ТК: Идея Генри заключалась в том, что концепт может выдержать испытание соревнованием и приобрести форму в виде неких отличительных черт. Он пытался выйти на художественную сцену с искусством концепта и представить на ней эту форму, подкрепив ей свою критику. В первую очередь его критика была направлена на музыку, поскольку в то причудливое время музыка находилась в центре внимания, по крайней мере, в наших кругах. Конечно, дискурс касался и других областей, люди интересовались самыми разными вещами, но данная дискуссия крайне заинтересовала «композиторов» Флуксуса, в частности Эммета Уильямса.
ХУО: В чем ощущалось влияние Штокхаузена?

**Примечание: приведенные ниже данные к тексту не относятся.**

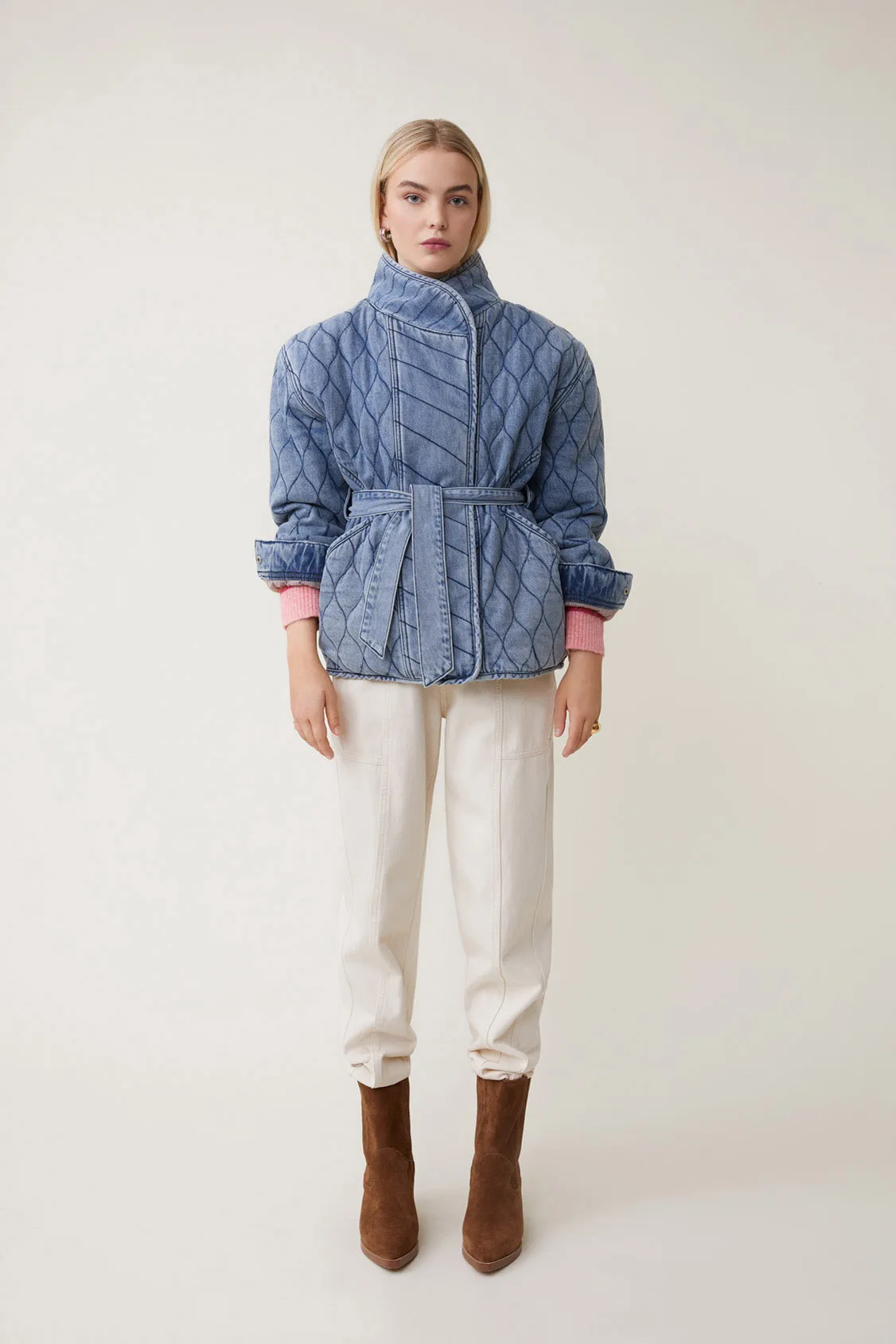 Manteau matelassé oversize en jeans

ТК: Штокхаузен примерно в 1958 году стал молодой звездой Германии. Ему исполнилось всего 28 лет, когда он написал «Пьесу для фортепиано» («Klavierstuck XI», 1956)

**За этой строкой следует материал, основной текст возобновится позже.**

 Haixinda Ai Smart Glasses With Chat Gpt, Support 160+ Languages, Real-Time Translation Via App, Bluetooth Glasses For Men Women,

[120] – произведения с элементами случайности. Его работа совместила в себе европейскую традицию постдодекафонии и стохастическую традицию Кейджа. Удивительным образом тогда сошлись явления с двух берегов Атлантики и соединились в своеобразном интерактивном открытии. Я стремился выйти с ним на связь. Он нашел подход к музыке, основанный не на высотах нот, а на пульсации, что для меня после моих опытов с акустикой представляло особый интерес. Произведение «Контакты» («Kontakte», 1958–1960), одно из его лучших сочинений, в наибольшей степени повлияло на меня и обратило мое внимание на некоторые аспекты работы с пульсацией. Если я правильно помню, в то время с ним работал [Корнелиус] Кардью
[121], и в результате они написали «Квадрат» («Carré», 1959–1969).
ХУО: Кардью – выдающаяся личность.
ТК: Да, и тогда у них со Штокхаузеном еще не разошлись взгляды.
ХУО: В то время вы начали рисовать?
ТК: Я делал свои рисунки в качестве «поправок» к партитурам, если можно так сказать. В 1961 году под влиянием Ла Монте Янга многие начали писать текстовые партитуры. Не уверен, что Ла Монте Янг был первым, потому что Джордж Брехт тоже ими пользовался
[122]. Впрочем, мне неважно, кто был первым, главное, что в то время все перешли на текстовую форму. В ней оставалось много слабых мест, почему я и начал работать над своими «рисунками». Мне хотелось, к примеру, обратить внимание на то, что форма партитуры связана с ее названием, которое, в свою очередь, никак влияет на исполнение. Я хотел четко обозначить эти сложные моменты.